ナバホ語は文字のない複雑な音声言語。米海兵隊は1942年5月、戦場での連絡に使う暗号をナバホ語に基づいて作成するため、ネズさんら29人を採用した。
ネズさんはガダルカナル︵Guadalcanal︶、グアム︵Guam︶、ペレリュー︵Peleliu︶、ブーゲンビル︵Bougainville︶など南太平洋の戦場に従軍。昨年、当時を振り返って﹁日本軍が全力で挑んでも暗号の解読はできなかった。それをとても誇りに思う﹂と語っていた。
第2次世界大戦には計400人のナバホがコードトーカーとして従軍した。
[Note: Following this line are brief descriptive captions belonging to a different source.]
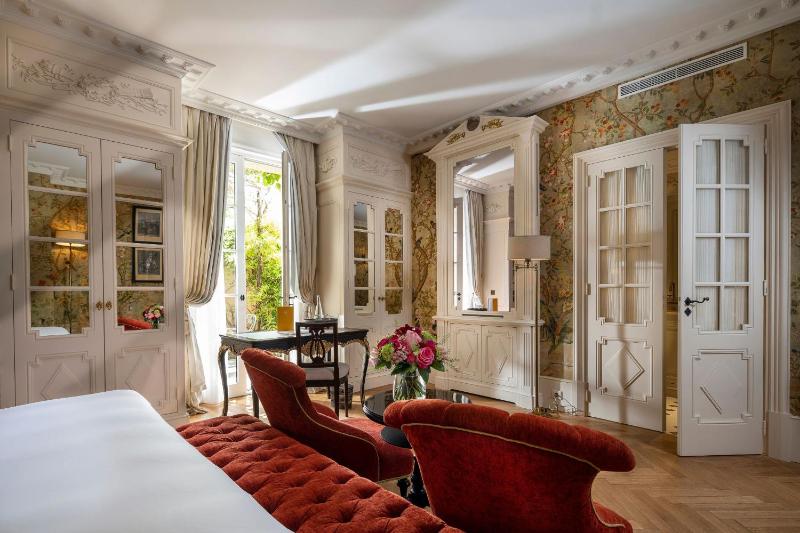 Superior Double or Twin Room image 3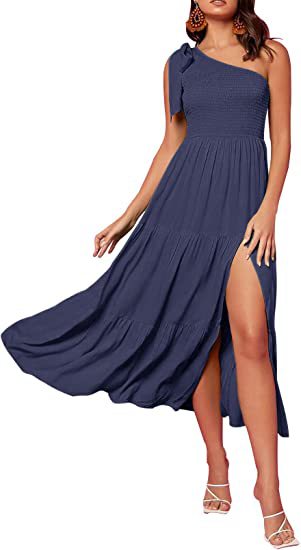 Sommermode 2026: Damen-Kleid mit One-Shoulder-Schnitt, Plissees, Stufen-Saum und Schlitz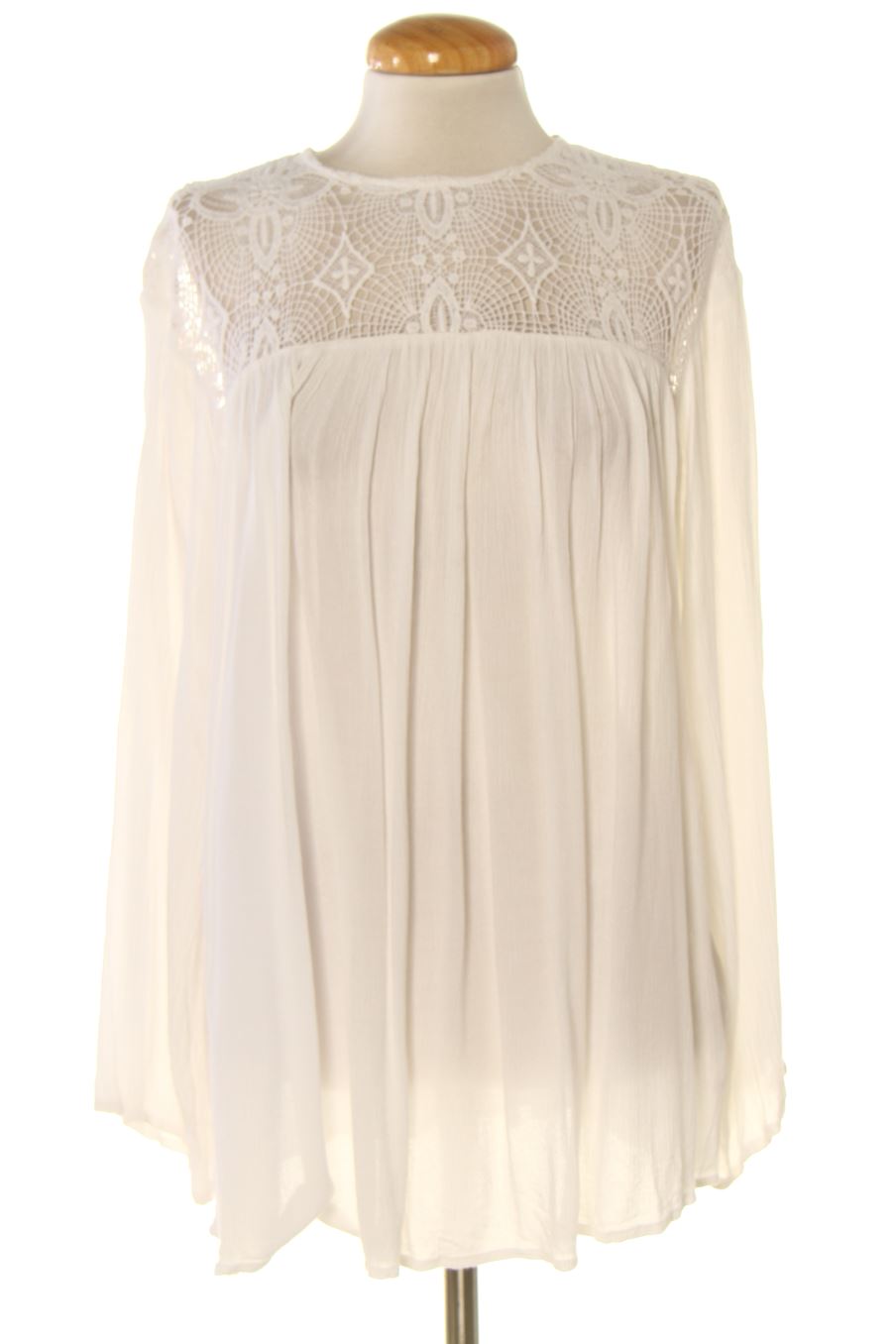 Blusa a maniche lunghe de Zara de la talla M, de color bianco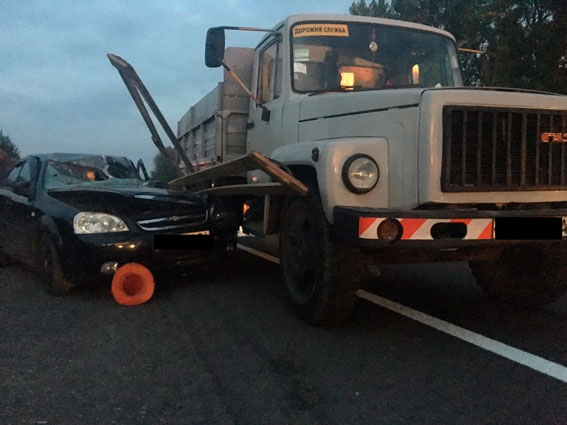 во Львовской области автомобиль наехал на коммунальщиков 2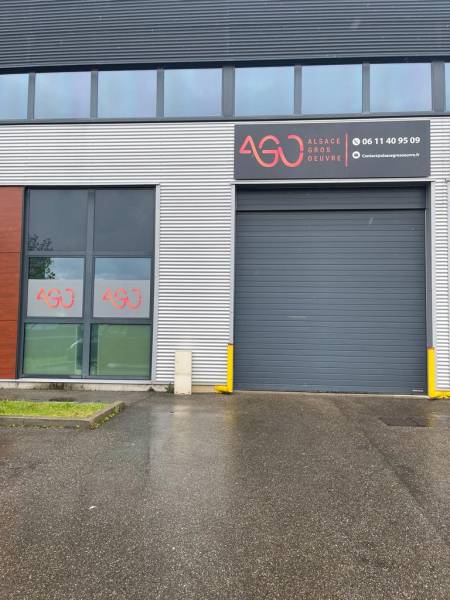 Création et Pose de Vitrophanie pour une Devanture à Ostwald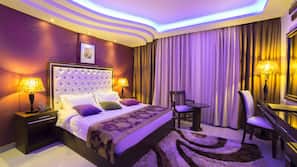 1 bedroom, free minibar, in-room safe, blackout drapes
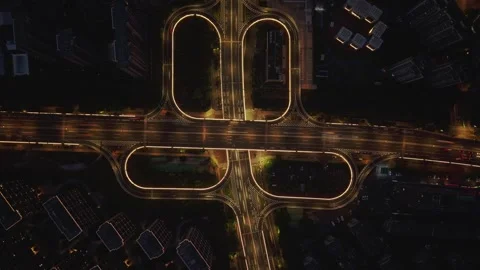 Timelapse of bustling urban traffic on complex highway interchange at night Video stock 311844036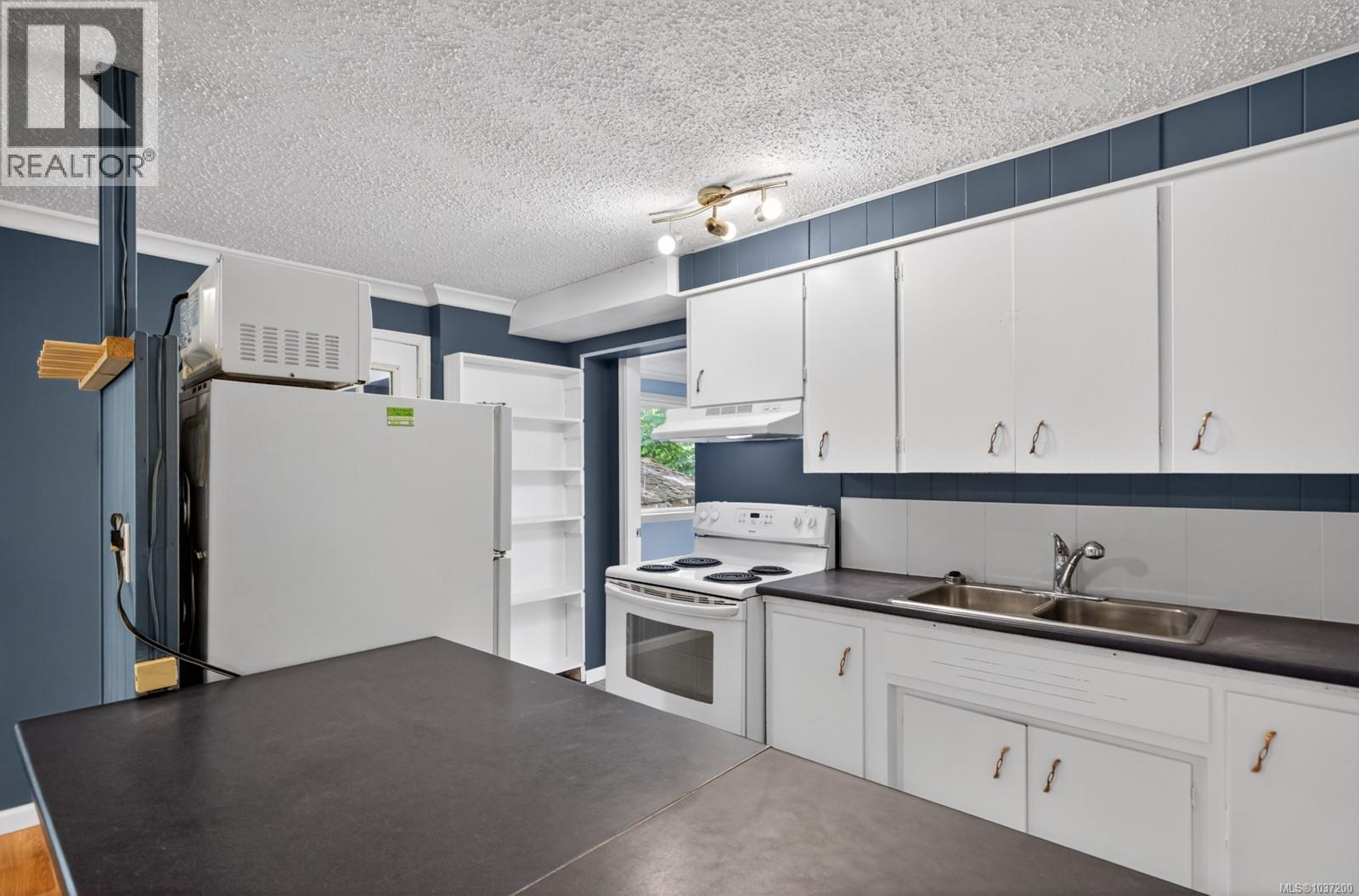3046 Gibbins Rd - 11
その他にもチョクトー︵Choctaw︶、コマンチ︵Comanche︶、セミノール︵Seminole︶などの先住民が日本やドイツとの戦争に参加し、自分たちの言葉を駆使して暗号通信に携わった。
米軍が使った用語には先住民たちの言語には存在しない単語もあり、たとえば﹁飛行機﹂は﹁鳥﹂、﹁爆撃機﹂は﹁妊娠した鳥﹂などと言い換えていた。また、英語のアルファベットの各文字を、ナバホ語の1単語で表現していた。例えば、猫を意味するナバホ語﹁moasi﹂は、同じ意味の英単語﹁cat﹂の頭文字である﹁c﹂として使われた。